Le droit au service de la justice

            La fonction positive et essentielle du droit dans la vie ecclésiale, dans une vision personnaliste, est de l'ordre de l'évidence. Le droit, la vérité, la justice sont les piliers de toute société qui prétend offrir à ses membres les stimulants, les moyens et les garanties pour que la vie et les relations interpersonnelles se développent dans une solidarité harmonieuse. Le droit est au service de la vérité, et plus concrètement encore de la justice, de ce qui règle les relations entre les personnes aussi bien physiques que juridiques.

            Il faut toujours être attentif à l'éventuelle manipulation du droit quand il est mis au service d'intérêts particuliers, et non de la vérité et de la justice. Une telle manipulation, dont je crains qu'elle ne se produise déjà en quelque lieu, risque de faire perdre, parmi les juristes et les juges, la joie d'exercer une profession au service de la justice et de la vérité. Ce danger est plus marqué chez les jeunes qui, pleins d'idéalisme, commencent à travailler dans les tribunaux ecclésiastiques.

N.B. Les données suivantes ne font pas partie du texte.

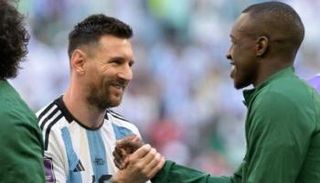 سعود عبد الحميد وميسي في مباراة السعودية والأرجنتين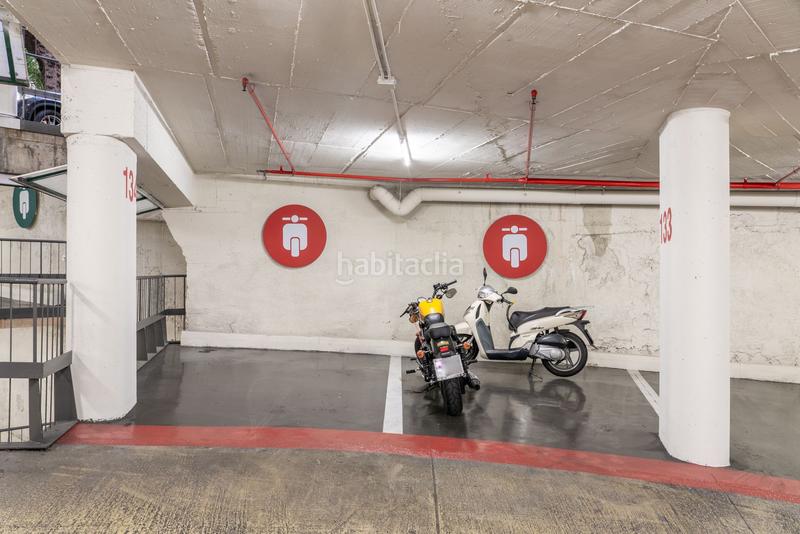 Foto dc02c67c-7741-4f74-91fc-04e11eade608. Alquiler parking coche en calle via augusta 281 en Barcelona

            Plus que jamais, nous avons besoin de praticiens du droit qui soient amoureux de la justice et de la vérité et qui perçoivent pleinement le Splendor Veritatis et , selon le thème de l'allocution du Pape à la Rote en 1994, le Splendor Legis ou le Splendor Iustitiae. Seuls les praticiens sont capables d'aider la grande masse des fidèles dans la compréhension du service que le droit rend à la vie et à la vigueur du Peuple de Dieu.